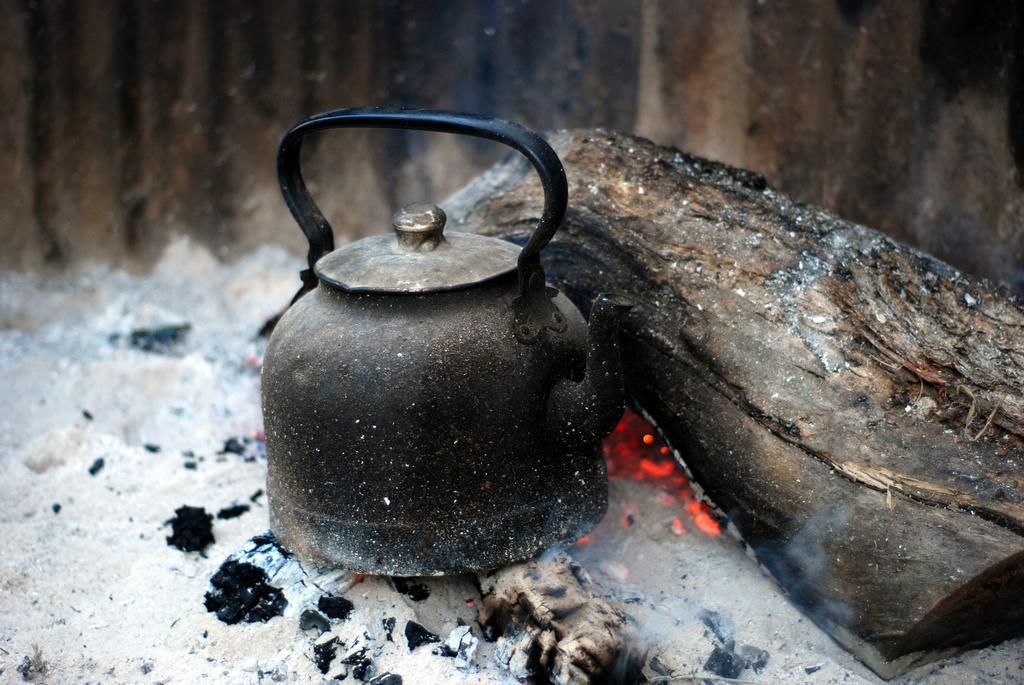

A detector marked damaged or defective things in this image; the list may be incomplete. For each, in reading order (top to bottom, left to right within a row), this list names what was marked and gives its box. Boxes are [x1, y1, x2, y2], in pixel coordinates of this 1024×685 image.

burnt wood stick [446, 129, 1024, 679]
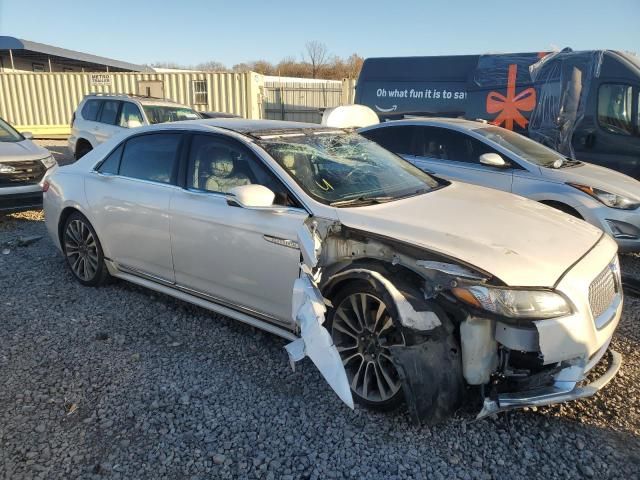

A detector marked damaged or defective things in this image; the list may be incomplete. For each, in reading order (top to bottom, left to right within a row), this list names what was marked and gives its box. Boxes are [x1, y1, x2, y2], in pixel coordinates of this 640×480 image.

detached bumper piece [0, 192, 42, 213]
exposed front grille [0, 159, 46, 186]
damaged white sedan [42, 120, 624, 424]
broken headlight [450, 286, 568, 320]
exposed front grille [588, 260, 616, 320]
detached bumper piece [480, 348, 620, 420]
crushed front bumper [478, 346, 624, 418]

______________________________

Write out the whole listing exactly. Do not include the pictures.

A detector marked damaged or defective things in this image; the list may be incomplete. For each, in reading order (top to bottom, left to right within a row), this list names what was marked and gives its box. Boxes are [x1, y1, x2, y2], in pixel coordinates of this 1024×685 image.

burnt wood stick [446, 129, 1024, 679]

A detector marked damaged or defective things in this image; the list may be incomplete. For each, in reading order (top to bottom, left to right within a row), this list names what was marked and gives its box. Boxes are [x1, y1, x2, y2], in pixel coordinates of this 640×480 image.

detached bumper piece [0, 192, 42, 213]
exposed front grille [0, 159, 46, 186]
damaged white sedan [42, 120, 624, 424]
broken headlight [450, 286, 568, 320]
exposed front grille [588, 260, 616, 320]
detached bumper piece [480, 348, 620, 420]
crushed front bumper [478, 346, 624, 418]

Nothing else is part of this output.